Na’udzubillahi mindzalik. Sesungguhnya, Allah paling tahu apa yang kita butuhkan.
Dan sebenarnya, jika kita mau jujur kepada diri, bahwa apa yang kita minta
dalam do’a, apa yang kita inginkan itu belum tentu sesuatu yang kita butuhkan.
Maka, kembalikan semua kepada Allah, Dzat Yang Maha Mengetahui tentang apa yang
kita butuhkan daripada yang sekedar kita inginkan. Terus saja berdo’a. Allah
paling tahu cara untuk mengabulkannya.
Ketiga, menjaga kehalalan makan, minum,
pakaian dan lain-lainnya adalah faktor penting yang menjadi adab agar do’a kita
terkabul. Sekali lagi kita ambil hikmah dari kisah hidup sahabat Sa’ad bin Abi
Waqash yang mustajab do’anya.
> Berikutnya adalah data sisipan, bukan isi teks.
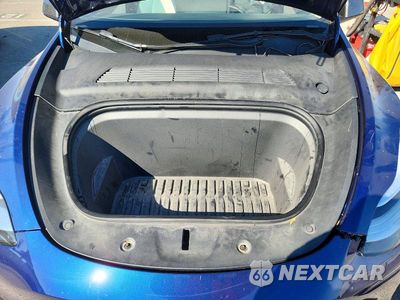 Zdjęcie 12 z 13 samochodu: 2022 TESLA MODEL Y VIN:7SAYGDEE2NF439190 - miniatura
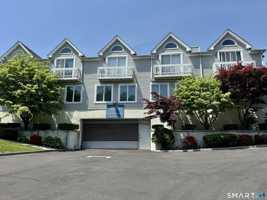 featured image of 115 Flax Hill Rd #10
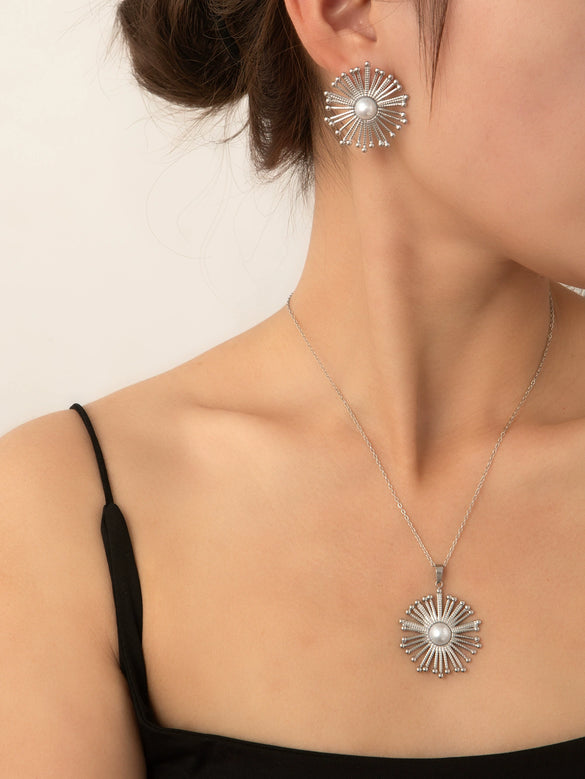 Women's Stainless Steel And Titanium Steel Sunflower Necklace Set High End Non Fading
Ketika Rasulullah mendo’akan Sa’ad agar menjadi
orang yang terkabul do’anya, maka Rasulullah juga menasihatkan hal berikut
seperti yang tertuang dalam hadits : dari Ibnu Abbas berkata ayat ini dibacakan
di hadapan Nabi SAW, “Wahai manusia
makanlah dari apa-apa yang di bumi dalam kondisi halal dan baik, lantas Sa’ad
bin Abi Waqqash berdiri dan berkata, “Wahai Rasulullah, doakan saya menjadi
orang yang terkabul do’anya.” Nabi bersabda kepadanya, “Ya Sa’ad perbagusilah
(usahakan agar halal dan baik) makananmu niscaya engkau menjadi orang yang
dikabulkan do’anya, demi Dzat yang jiwa Muhammad berada di tangan-Nya. Sungguh
seorang hamba menelan satu suapan yang haram di dalam rongganya, maka tidak
diterima darinya amalan selama empat puluh hari dan hamba mana saja yang
dagingnya tumbuh dari yang haram dan riba maka neraka lebih berkah untuknya.”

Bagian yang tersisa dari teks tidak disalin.